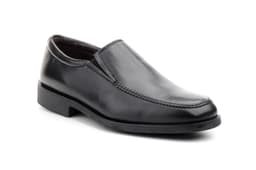 Zapatos Hombre Piel Negro Elásticos Ancho Especial 12 Ibérico ref. 2781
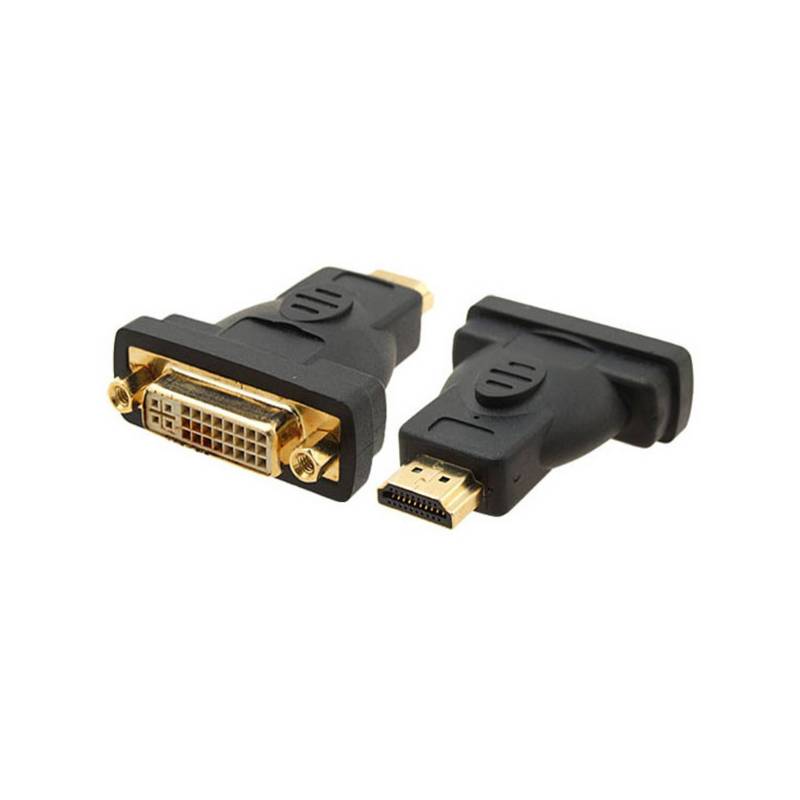 OEM - Conversor Adaptador HDMI a DVI 24 + 5 Convertidor Macho a Hembra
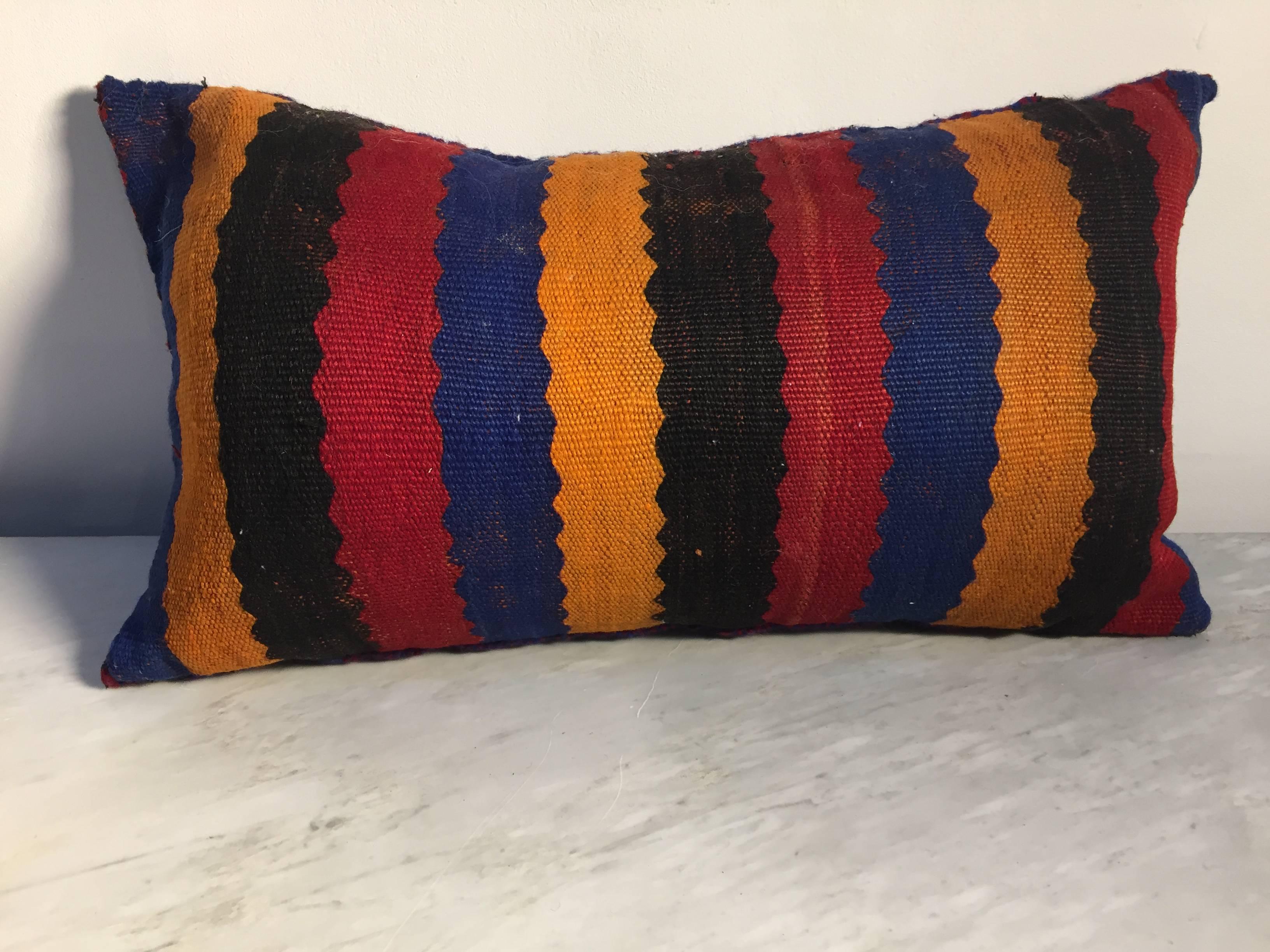 Moroccan Berber Handwoven Tribal Pillow 2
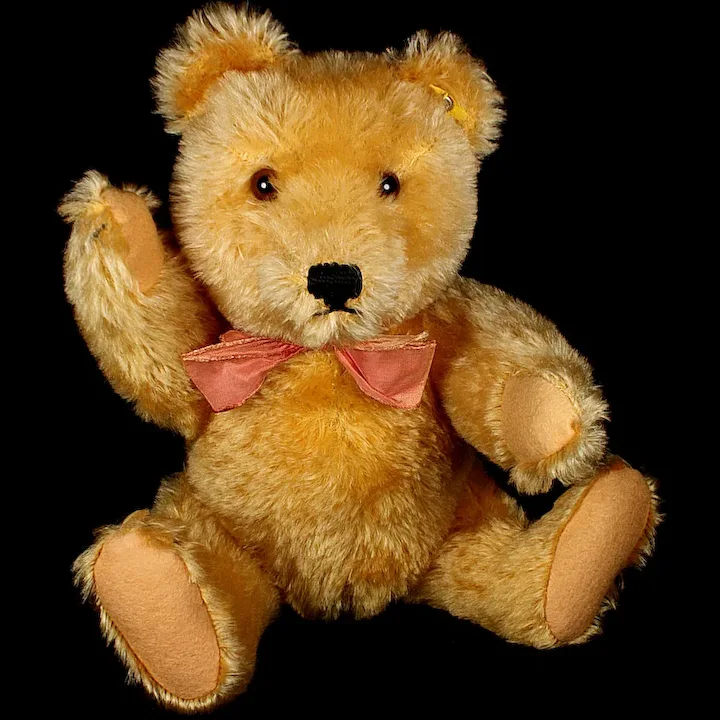 Sweet Steiff 5xJointed 11-inch Gold Original Teddy Bear ID 7 Sweet Steiff 5xJointed 11-inch Gold Original Teddy Bear ID - Image 7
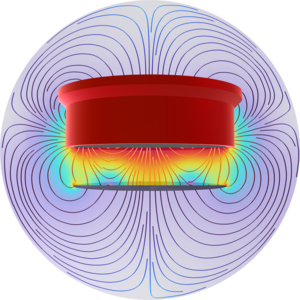 单面磁体和金属板
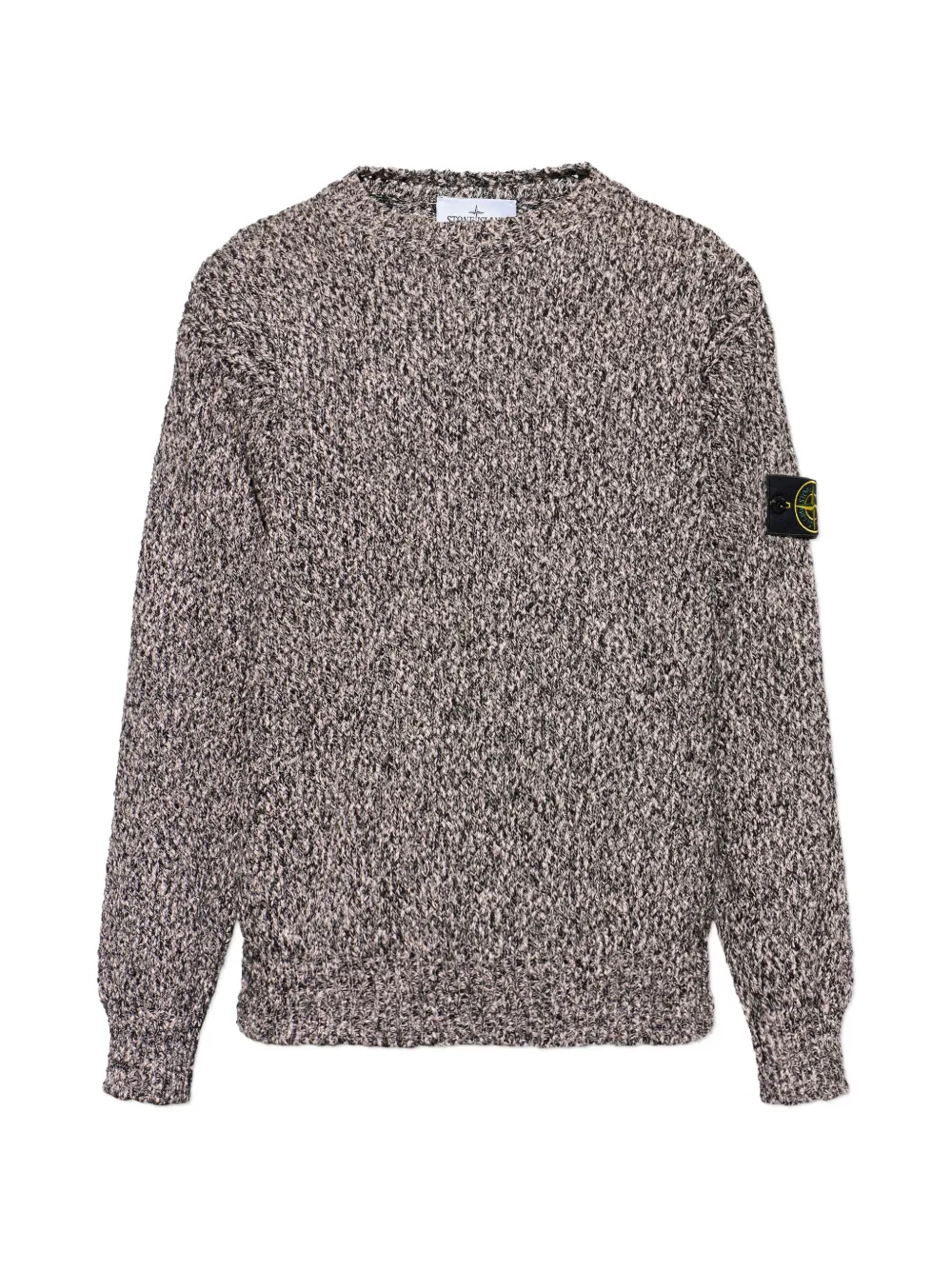 Stone Island logo-patch crew-neck sweater - Toni neutri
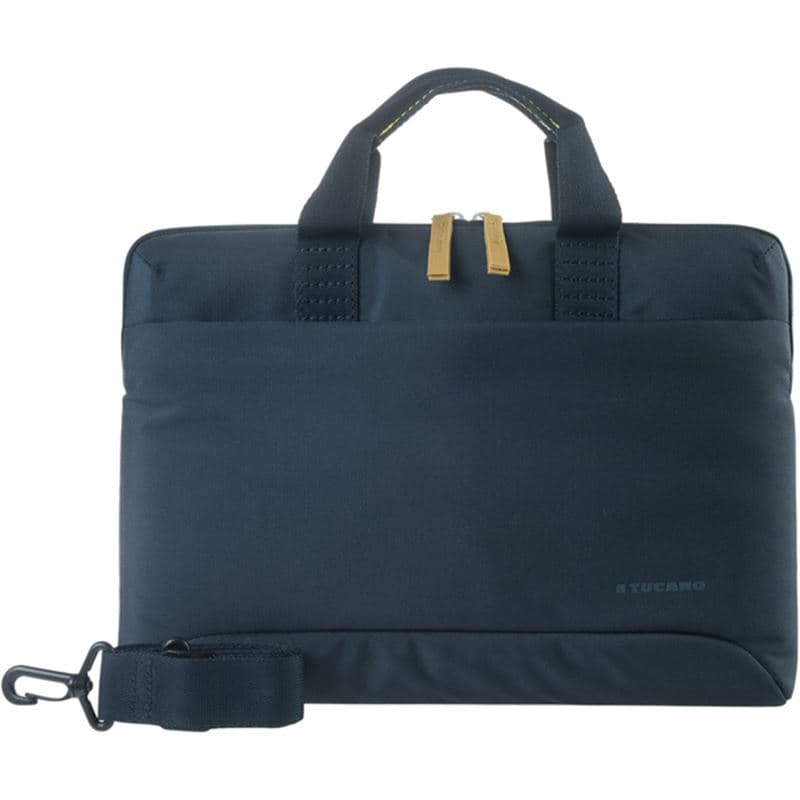 Tucano Smilza Super Slim Bag - Bag for MacBook Pro 14” / Air 15” / Pro 13" /Air / Notebook 14” / 13” (Dark Blue)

*****

→ Task instructions: Repeat the full listing above without altering a word, and skip the pictures.

→ Task answer:
 Zapatos Hombre Piel Negro Elásticos Ancho Especial 12 Ibérico ref. 2781
 OEM - Conversor Adaptador HDMI a DVI 24 + 5 Convertidor Macho a Hembra
 Moroccan Berber Handwoven Tribal Pillow 2
 Sweet Steiff 5xJointed 11-inch Gold Original Teddy Bear ID 7 Sweet Steiff 5xJointed 11-inch Gold Original Teddy Bear ID - Image 7
 单面磁体和金属板
 Stone Island logo-patch crew-neck sweater - Toni neutri
 Tucano Smilza Super Slim Bag - Bag for MacBook Pro 14” / Air 15” / Pro 13" /Air / Notebook 14” / 13” (Dark Blue)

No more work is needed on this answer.